To do:
Each entry is to be given again exactly; drop the images.

### Supplied data ###

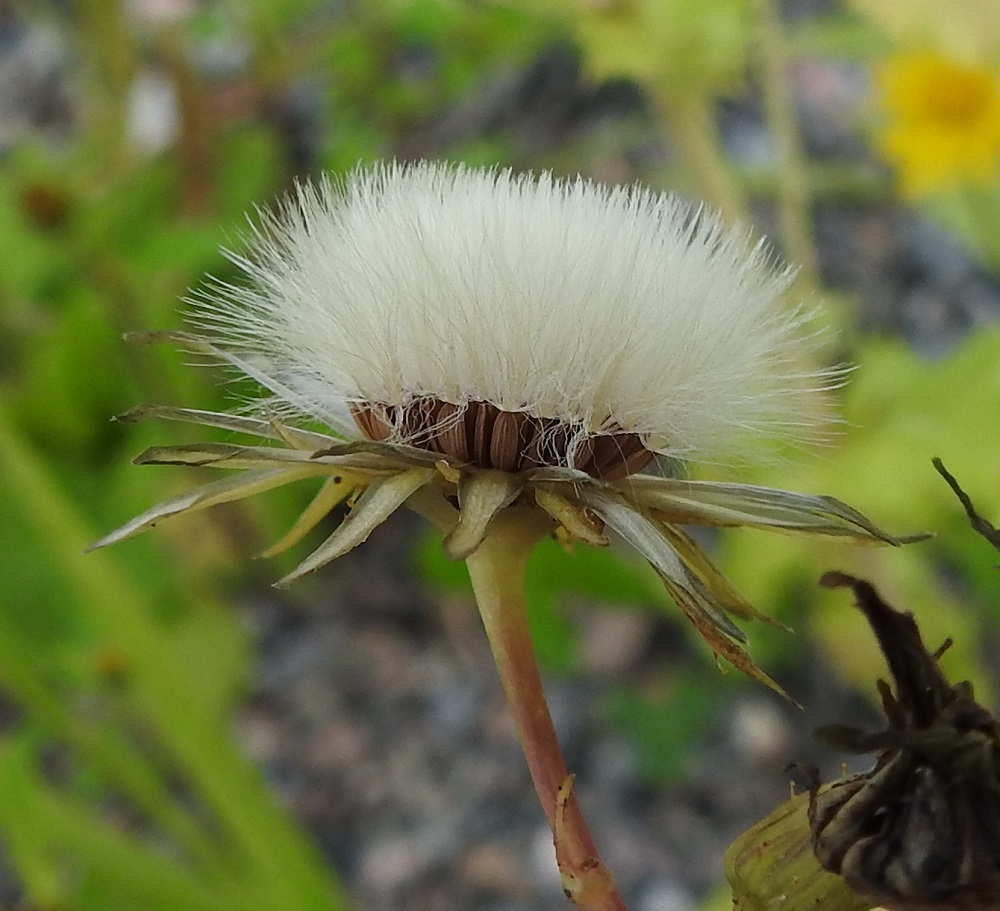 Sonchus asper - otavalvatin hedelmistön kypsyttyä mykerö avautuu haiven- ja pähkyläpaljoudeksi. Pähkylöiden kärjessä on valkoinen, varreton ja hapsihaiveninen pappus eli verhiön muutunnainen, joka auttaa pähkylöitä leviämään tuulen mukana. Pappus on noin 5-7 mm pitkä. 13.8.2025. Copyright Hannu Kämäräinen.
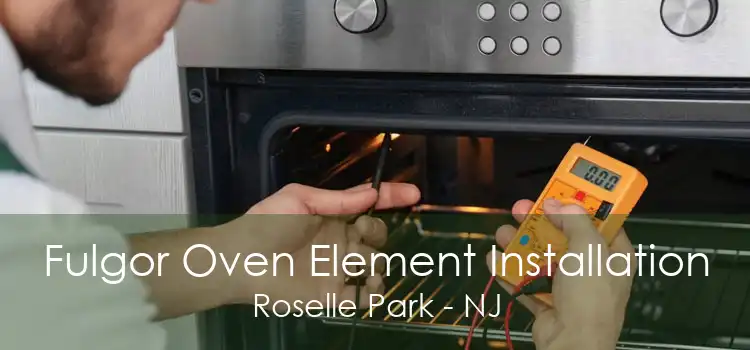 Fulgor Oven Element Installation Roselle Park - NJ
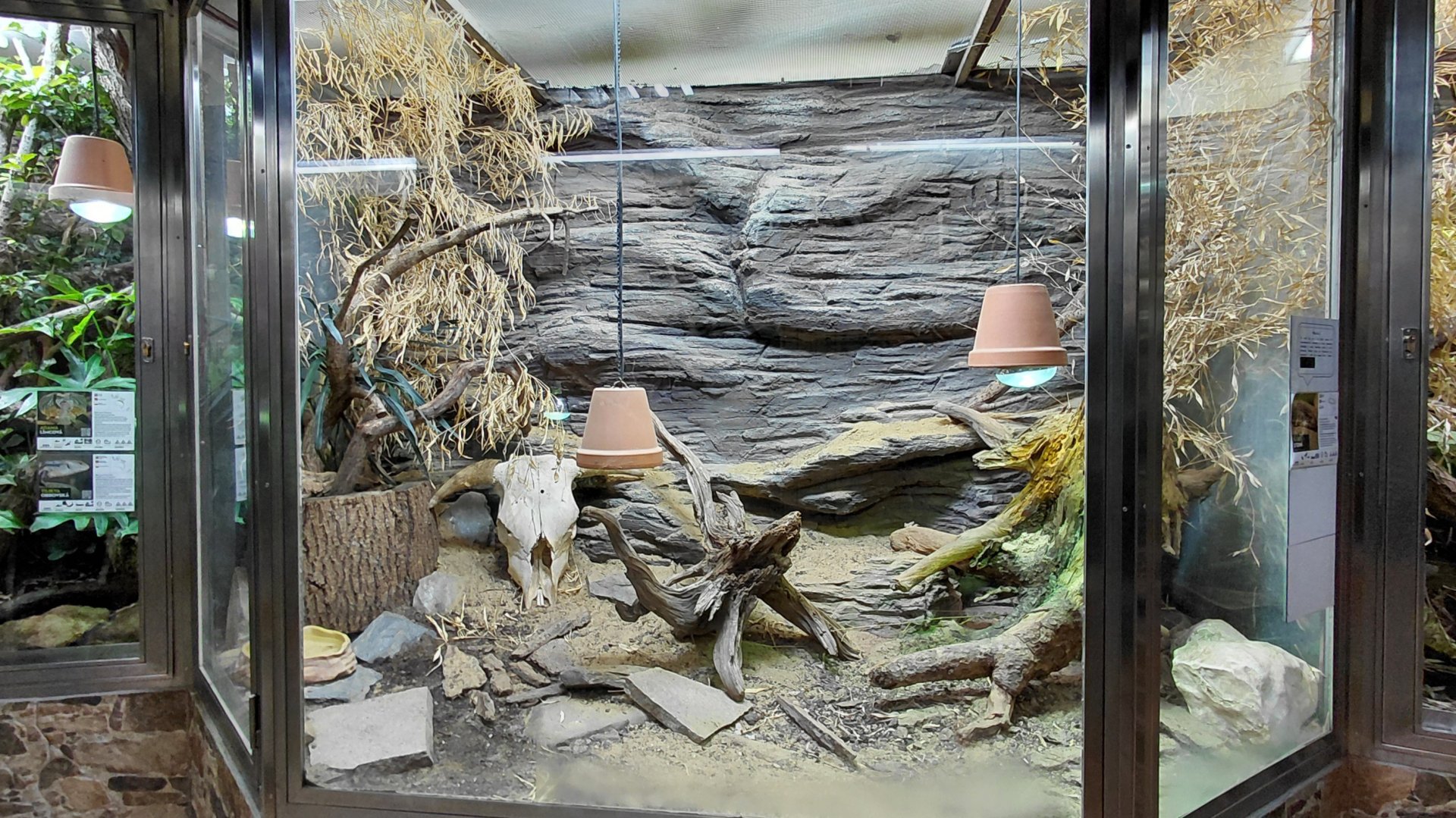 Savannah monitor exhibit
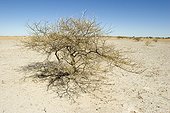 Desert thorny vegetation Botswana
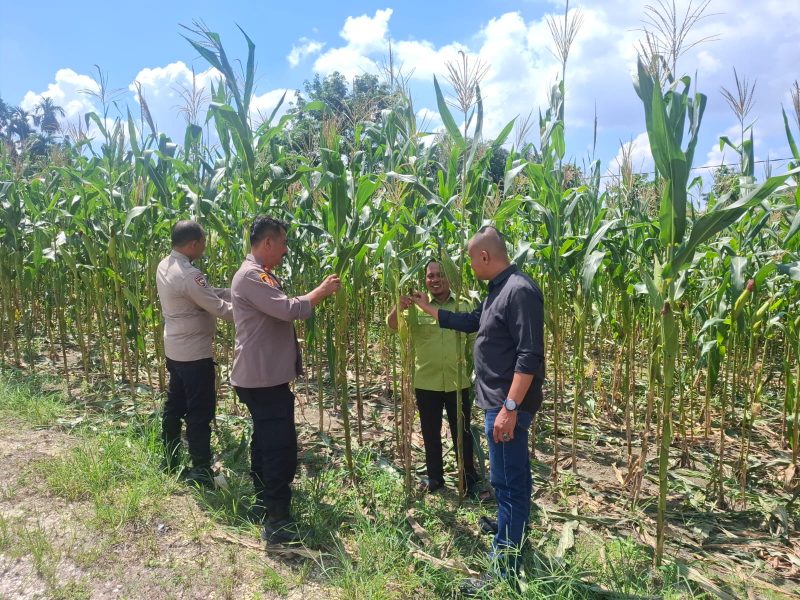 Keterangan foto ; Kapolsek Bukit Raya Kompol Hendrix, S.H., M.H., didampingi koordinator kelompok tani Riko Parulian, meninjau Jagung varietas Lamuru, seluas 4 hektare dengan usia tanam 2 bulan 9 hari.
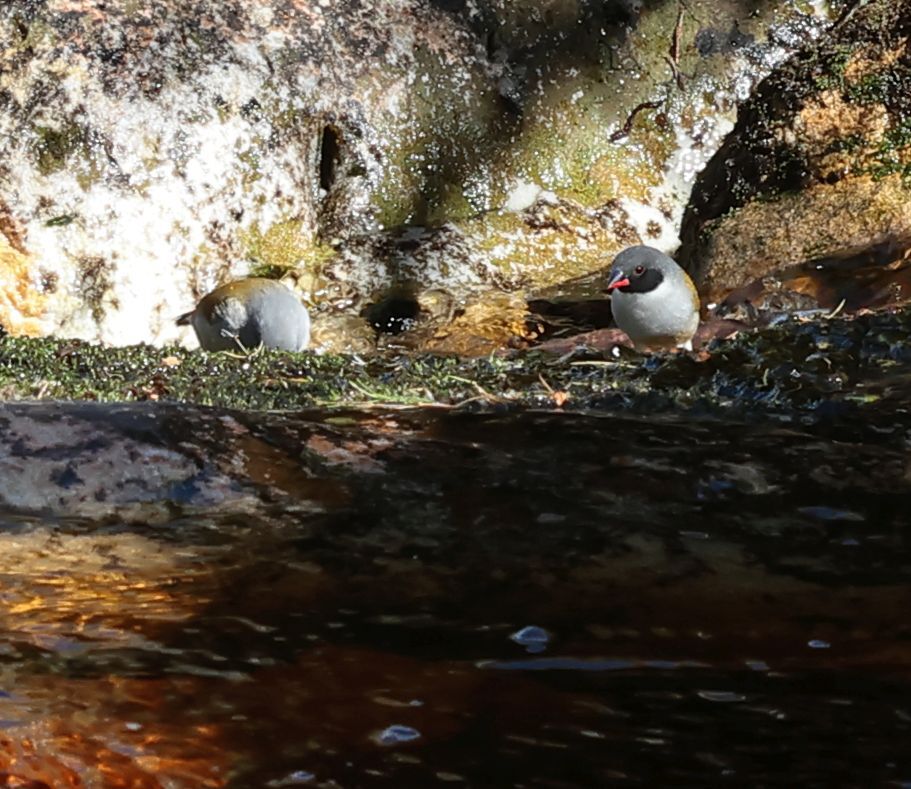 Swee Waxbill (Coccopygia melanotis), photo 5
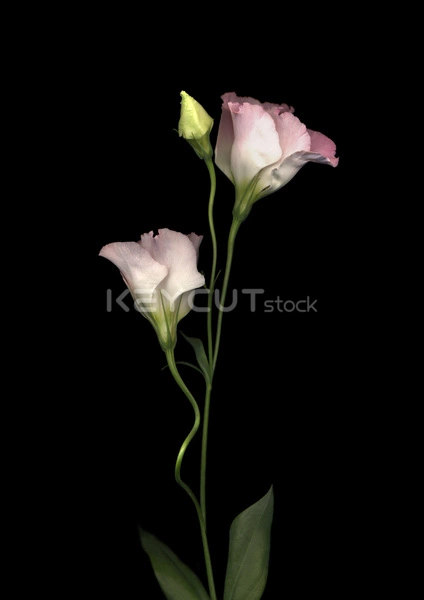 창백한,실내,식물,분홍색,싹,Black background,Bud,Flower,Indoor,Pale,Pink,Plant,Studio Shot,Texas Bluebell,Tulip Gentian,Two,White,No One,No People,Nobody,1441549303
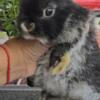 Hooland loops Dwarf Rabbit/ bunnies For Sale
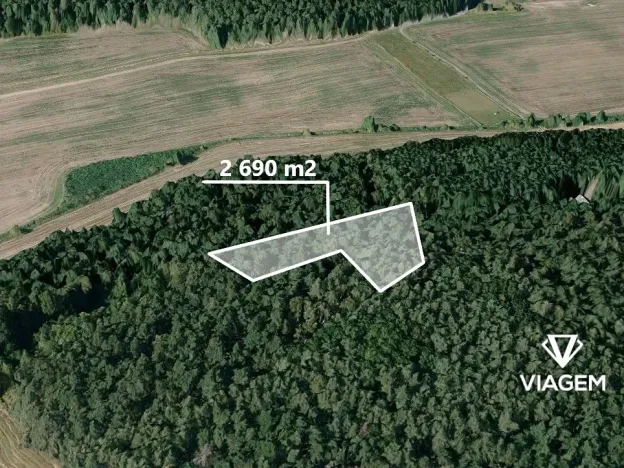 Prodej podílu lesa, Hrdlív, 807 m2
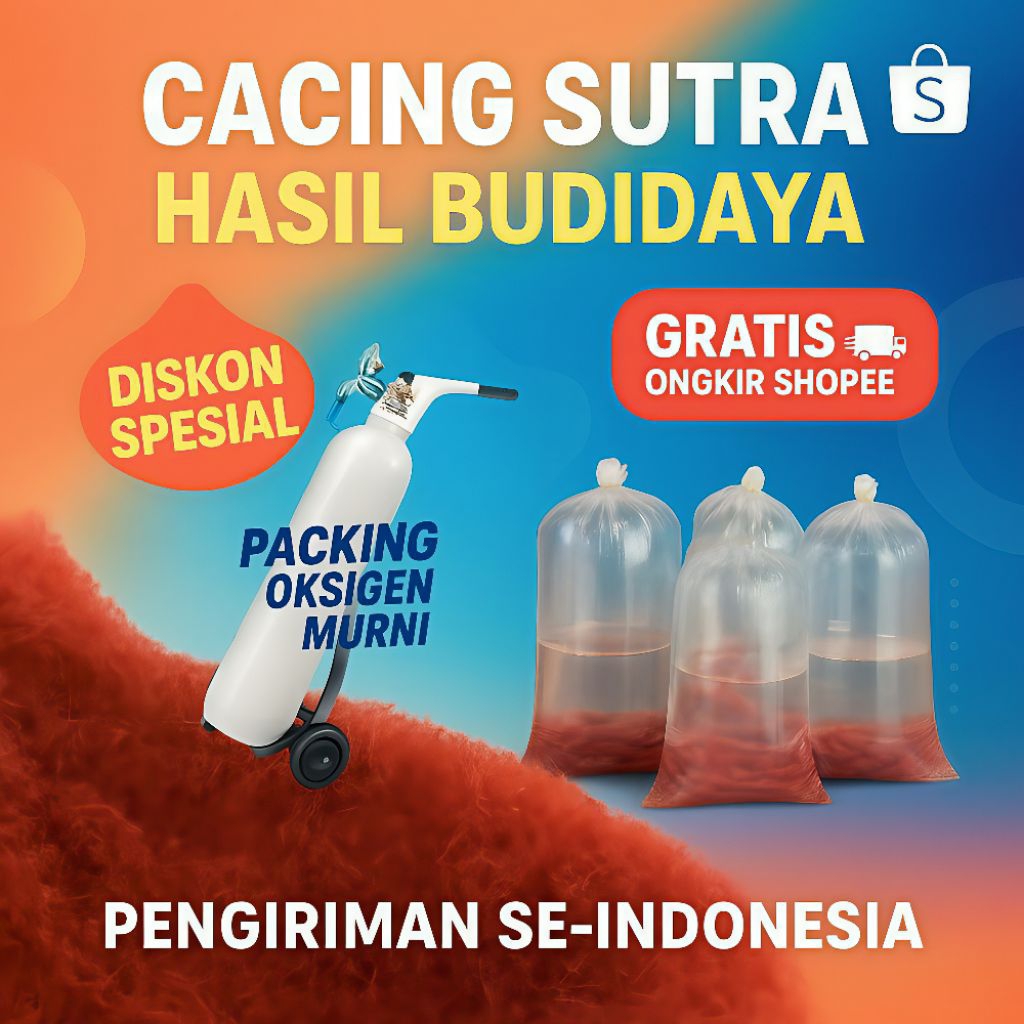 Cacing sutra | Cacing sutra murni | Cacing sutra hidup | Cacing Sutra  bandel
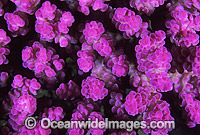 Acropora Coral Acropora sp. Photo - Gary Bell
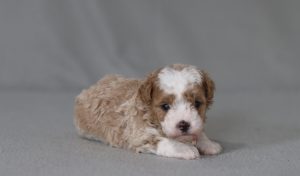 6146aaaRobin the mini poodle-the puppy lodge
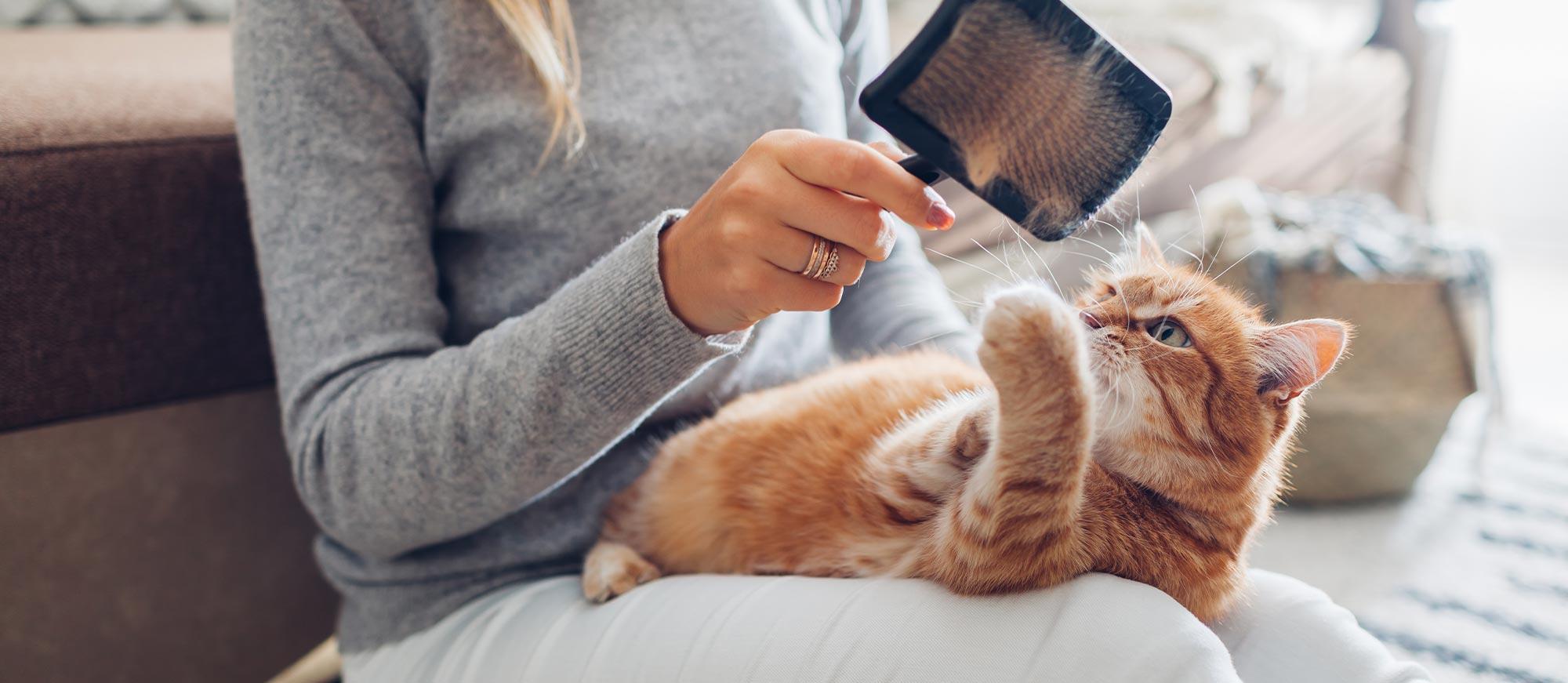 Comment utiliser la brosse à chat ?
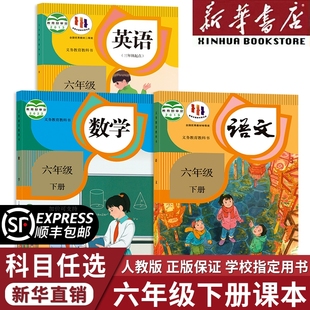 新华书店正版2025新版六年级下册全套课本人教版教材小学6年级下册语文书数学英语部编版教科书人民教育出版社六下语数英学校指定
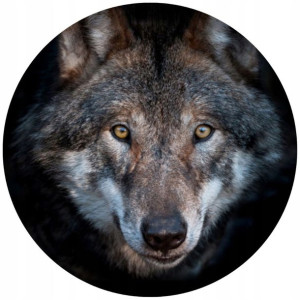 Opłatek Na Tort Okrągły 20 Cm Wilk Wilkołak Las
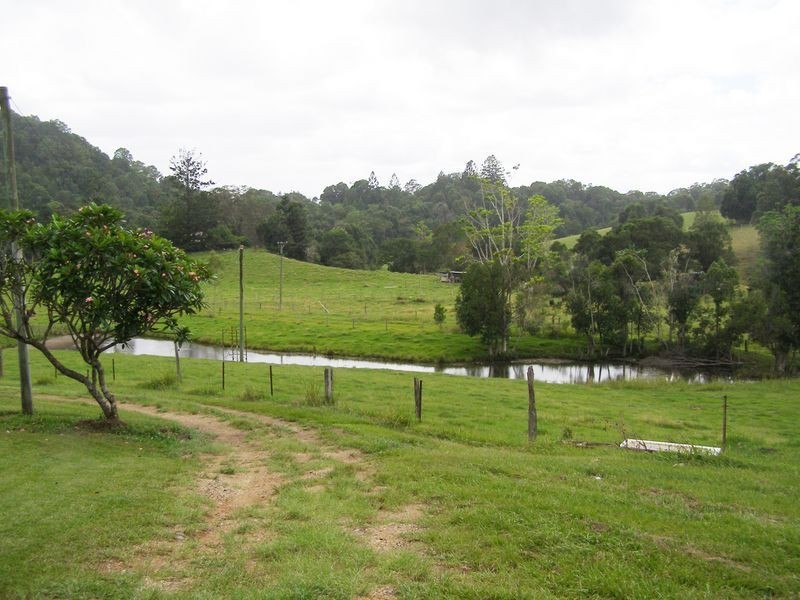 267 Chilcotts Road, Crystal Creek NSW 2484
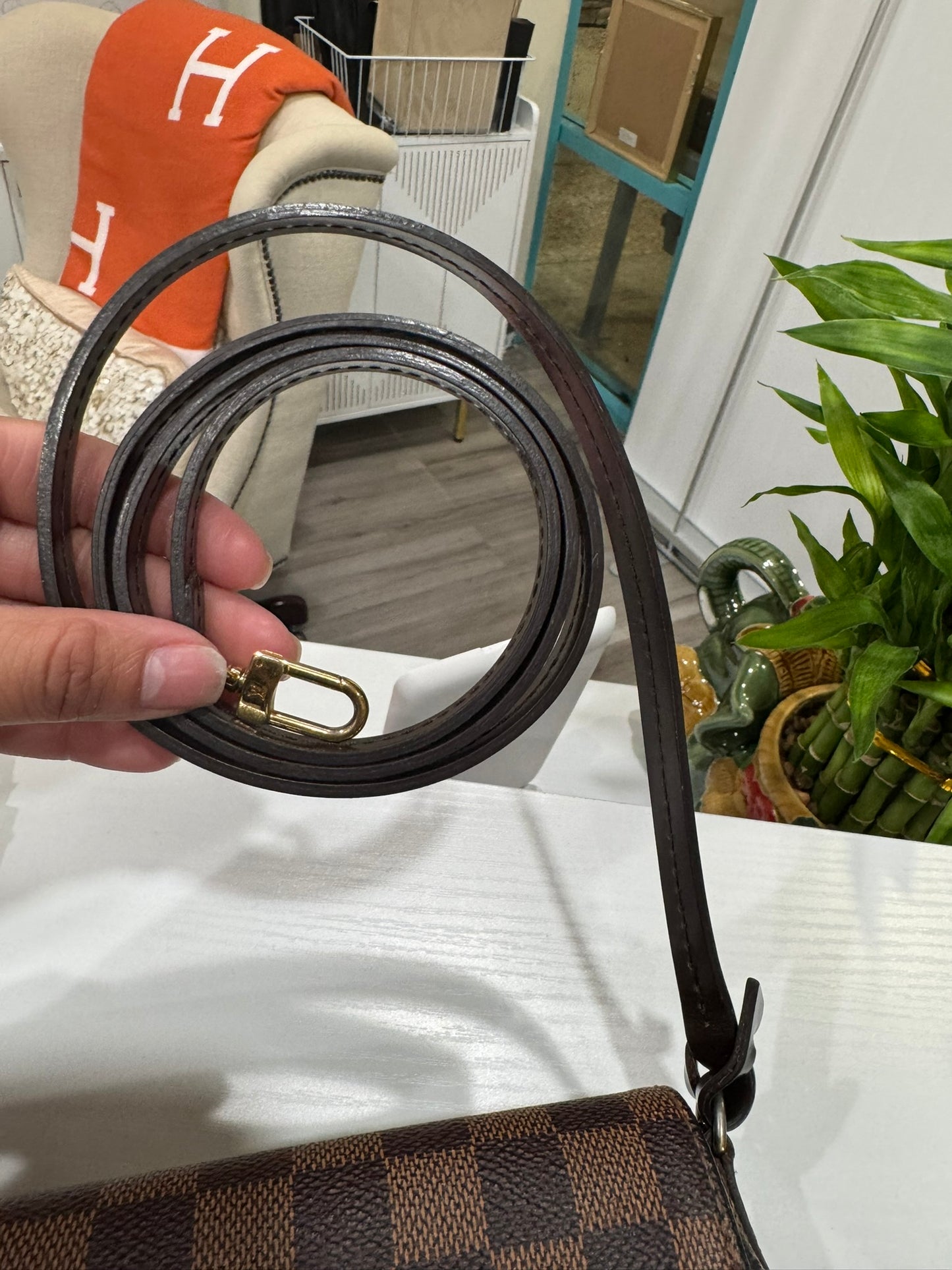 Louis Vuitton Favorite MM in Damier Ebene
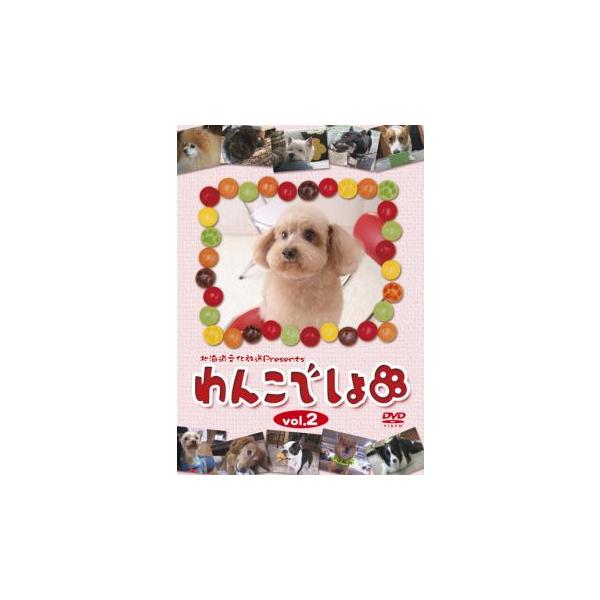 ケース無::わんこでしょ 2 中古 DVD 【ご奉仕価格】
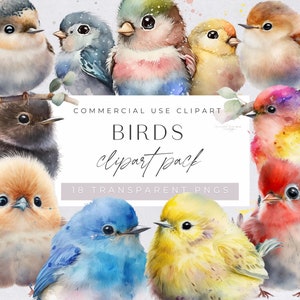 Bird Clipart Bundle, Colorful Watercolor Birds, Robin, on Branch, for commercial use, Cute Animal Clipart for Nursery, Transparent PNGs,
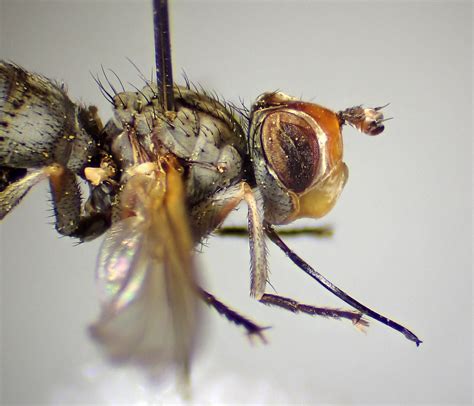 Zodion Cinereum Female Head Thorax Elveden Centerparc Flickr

###

Output:
 Sonchus asper - otavalvatin hedelmistön kypsyttyä mykerö avautuu haiven- ja pähkyläpaljoudeksi. Pähkylöiden kärjessä on valkoinen, varreton ja hapsihaiveninen pappus eli verhiön muutunnainen, joka auttaa pähkylöitä leviämään tuulen mukana. Pappus on noin 5-7 mm pitkä. 13.8.2025. Copyright Hannu Kämäräinen.
 Fulgor Oven Element Installation Roselle Park - NJ
 Savannah monitor exhibit
 Desert thorny vegetation Botswana
 Keterangan foto ; Kapolsek Bukit Raya Kompol Hendrix, S.H., M.H., didampingi koordinator kelompok tani Riko Parulian, meninjau Jagung varietas Lamuru, seluas 4 hektare dengan usia tanam 2 bulan 9 hari.
 Swee Waxbill (Coccopygia melanotis), photo 5
 창백한,실내,식물,분홍색,싹,Black background,Bud,Flower,Indoor,Pale,Pink,Plant,Studio Shot,Texas Bluebell,Tulip Gentian,Two,White,No One,No People,Nobody,1441549303
 Hooland loops Dwarf Rabbit/ bunnies For Sale
 Prodej podílu lesa, Hrdlív, 807 m2
 Cacing sutra | Cacing sutra murni | Cacing sutra hidup | Cacing Sutra  bandel
 Acropora Coral Acropora sp. Photo - Gary Bell
 6146aaaRobin the mini poodle-the puppy lodge
 Comment utiliser la brosse à chat ?
 新华书店正版2025新版六年级下册全套课本人教版教材小学6年级下册语文书数学英语部编版教科书人民教育出版社六下语数英学校指定
 Opłatek Na Tort Okrągły 20 Cm Wilk Wilkołak Las
 267 Chilcotts Road, Crystal Creek NSW 2484
 Louis Vuitton Favorite MM in Damier Ebene
 ケース無::わんこでしょ 2 中古 DVD 【ご奉仕価格】
 Bird Clipart Bundle, Colorful Watercolor Birds, Robin, on Branch, for commercial use, Cute Animal Clipart for Nursery, Transparent PNGs,
 Zodion Cinereum Female Head Thorax Elveden Centerparc Flickr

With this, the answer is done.